WASHINGTON — President Bush on Monday promised Turkey's prime minister improved intelligence-sharing and high-level military contacts to counter Kurdish rebels in northern Iraq, easing fears of a major Turkish cross-border incursion in the coming days.
Prime Minister Recep Tayyip Erdogan said after talks with Bush at the White House that Turkey remains prepared to strike into northern Iraq, where the Kurdistan Workers' Party, or PKK, is launching deadly attacks on Turkey.
"Turkey has the power to defend itself," Erdogan said in a speech at the National Press Club in Washington. "We are on the point of using our rights emanating from international law," he added, apparently referring to the right of self-defense.
But Erdogan gave no sign that a military operation was imminent and at one point told the audience with a smile that he was "happy" with the results of the discussions with Bush.
Turkey has amassed an estimated 100,000 soldiers on its southeastern border facing Iraq, and its parliament voted overwhelmingly last month to authorize operations against the PKK.
The crisis has put the United States in an uncomfortable position between two allies: Turkey, a partner in NATO, and Iraq, where U.S. troops are fighting to bring about rough stability.

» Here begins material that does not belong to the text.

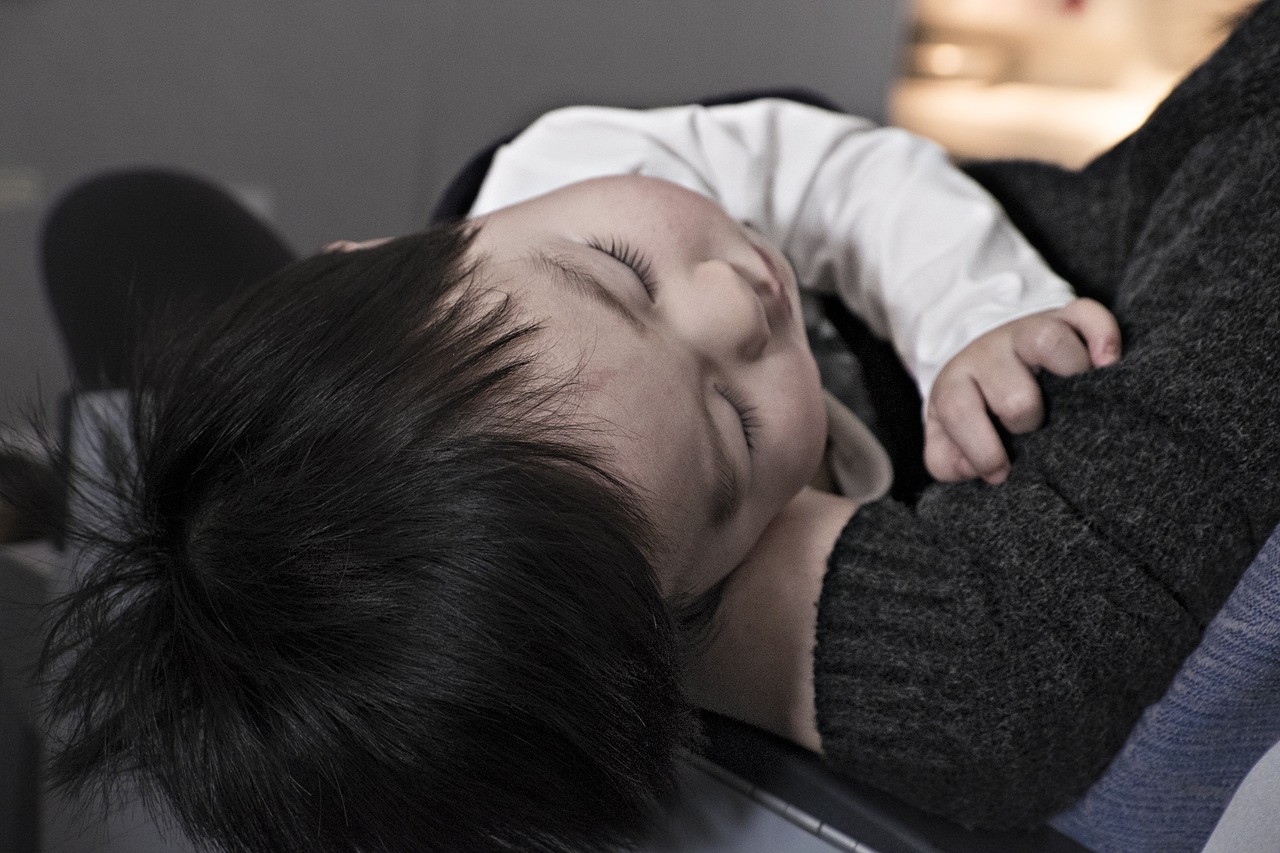 toddler-1245674_1280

A Turkish incursion could destabilize the one relatively peaceful part of Iraq, the largely Kurdish north, and give Iraq's other neighbors cover to intervene.
Turkish leaders, private analysts and even Bush's former special envoy for dealing with the PKK, retired Air Force Gen. Joseph Ralston, have criticized the administration for failing to deal with the problem more urgently.
Bush, in a brief Oval Office appearance with Erdogan, seemed at pains to empathize with Turkey's concerns.
"The PKK is a terrorist organization. They're an enemy of Turkey, they're an enemy of Iraq and they're an enemy of the United States," Bush said.
He said he and Erdogan discussed improving intelligence-sharing, as well as a maintaining a three-way military channel between the No. 2 military officers in the U.S. and Turkey, and Gen. David Petraeus, the commander of U.S.-led forces in Iraq. No details were released.
Erdogan said the new steps must "yield results in the shortest time possible."
The steps fell short of Turkish demands, which include immediately closing PKK camps in northern Iraq, cutting off logistical support for the group and capturing the group's leaders.
Nonetheless, in Ankara, Turkey, Hasan Cemal, a columnist for Milliyet newspapers, said late Monday: "Whether or not Turkey moves into Iraq now is no longer the question — that option is gone, except for the limited target attacks we've seen recently. But a large-scale incursion is no longer on the table."
Erdogan is personally reluctant to intervene in northern Iraq, but faces intense public pressure to take action, said Bulent Aliriza, of the Washington-based Center for Strategic and International Studies. The PKK, which wants an independent Kurdish state, have killed 30 Turkish soldiers and 15 civilians in the last month.
Erdogan made little secret of his disdain for the Kurdish Regional Government, which runs a semi-autonomous administration in three provinces of northern Iraq. The regional government has said it won't launch operations against the PKK because it would spark a Kurdish civil war.
But Erdogan said Turkey gave refuge to 500,000 Kurdish fighters and their families after the 1991 Persian Gulf War, when they rebelled and were attacked by Iraqi President Saddam Hussein. "I find it quite difficult to understand the situation myself," he said.
He also criticized what he described as Europe's lax attitude toward the PKK. A PKK leader was captured in France, allowed to remain free while on trial and escaped via Austria to Iraq, he said.
Erdogan also criticized a U.S. House Foreign Affairs Committee resolution passed last month that labeled the killing of Armenians by the Ottoman Empire during World War I as "genocide." Under heavy pressure from Bush, House Democrats retreated from sending the measure to the full House of Representatives for a vote.
"There is no such thing as genocide. Those who claim it must prove it," Erdogan said.